Under this line are the records; repeat exactly the lines starting at the one containing "Used Tour Edge" and ending at the one containing "jib2021 online show", omitting pictures.

_Data entries:_
= Beginning of Section =

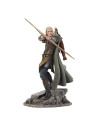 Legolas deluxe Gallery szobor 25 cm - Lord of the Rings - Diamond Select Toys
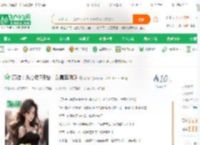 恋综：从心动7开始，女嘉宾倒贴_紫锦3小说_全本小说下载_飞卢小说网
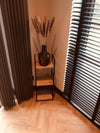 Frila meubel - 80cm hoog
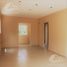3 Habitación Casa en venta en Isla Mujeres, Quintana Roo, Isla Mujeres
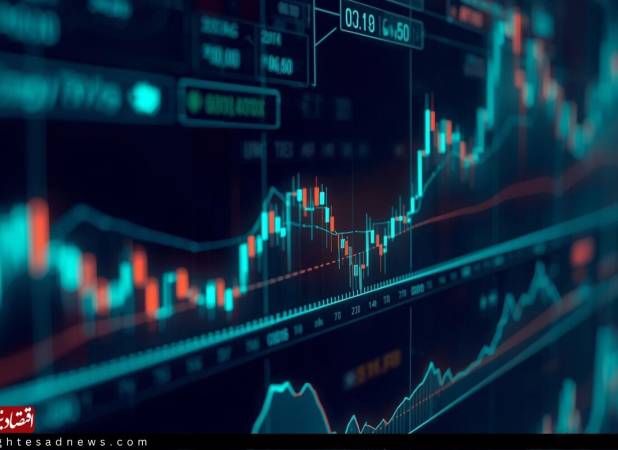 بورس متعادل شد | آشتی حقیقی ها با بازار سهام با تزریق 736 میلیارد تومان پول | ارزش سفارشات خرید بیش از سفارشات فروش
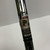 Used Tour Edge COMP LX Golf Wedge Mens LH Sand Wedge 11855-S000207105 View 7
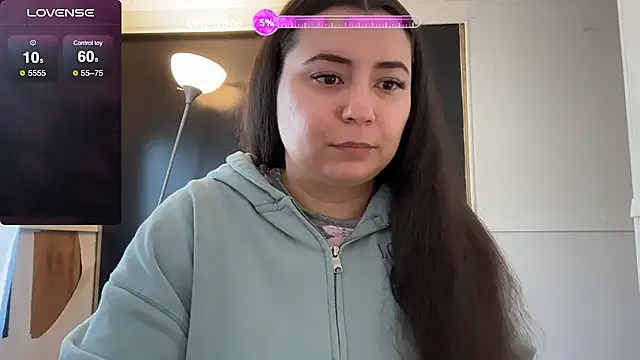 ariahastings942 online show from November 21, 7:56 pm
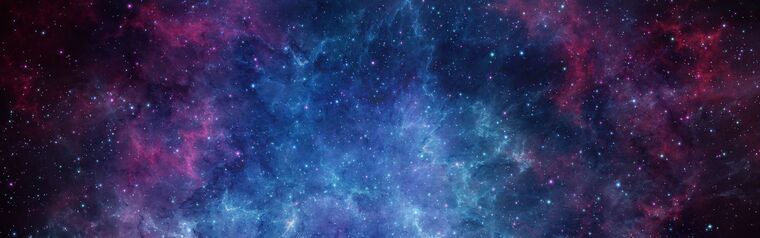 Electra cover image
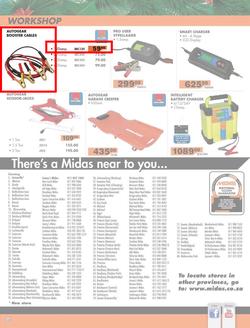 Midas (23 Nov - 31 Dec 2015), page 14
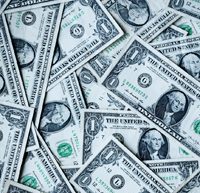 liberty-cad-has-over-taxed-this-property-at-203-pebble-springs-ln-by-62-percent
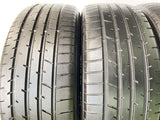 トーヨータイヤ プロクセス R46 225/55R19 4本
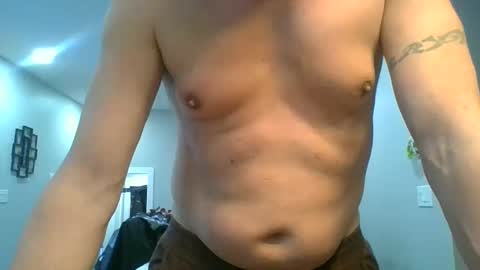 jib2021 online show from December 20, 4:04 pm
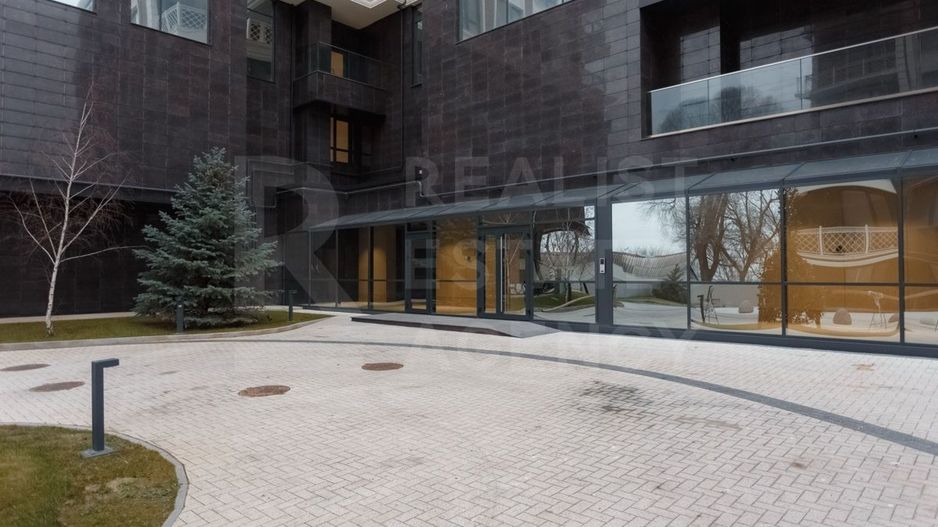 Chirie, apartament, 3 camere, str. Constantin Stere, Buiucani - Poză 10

= End of Section =

_Problem solution:_
 Used Tour Edge COMP LX Golf Wedge Mens LH Sand Wedge 11855-S000207105 View 7
 ariahastings942 online show from November 21, 7:56 pm
 Electra cover image
 Midas (23 Nov - 31 Dec 2015), page 14
 liberty-cad-has-over-taxed-this-property-at-203-pebble-springs-ln-by-62-percent
 トーヨータイヤ プロクセス R46 225/55R19 4本
 jib2021 online show from December 20, 4:04 pm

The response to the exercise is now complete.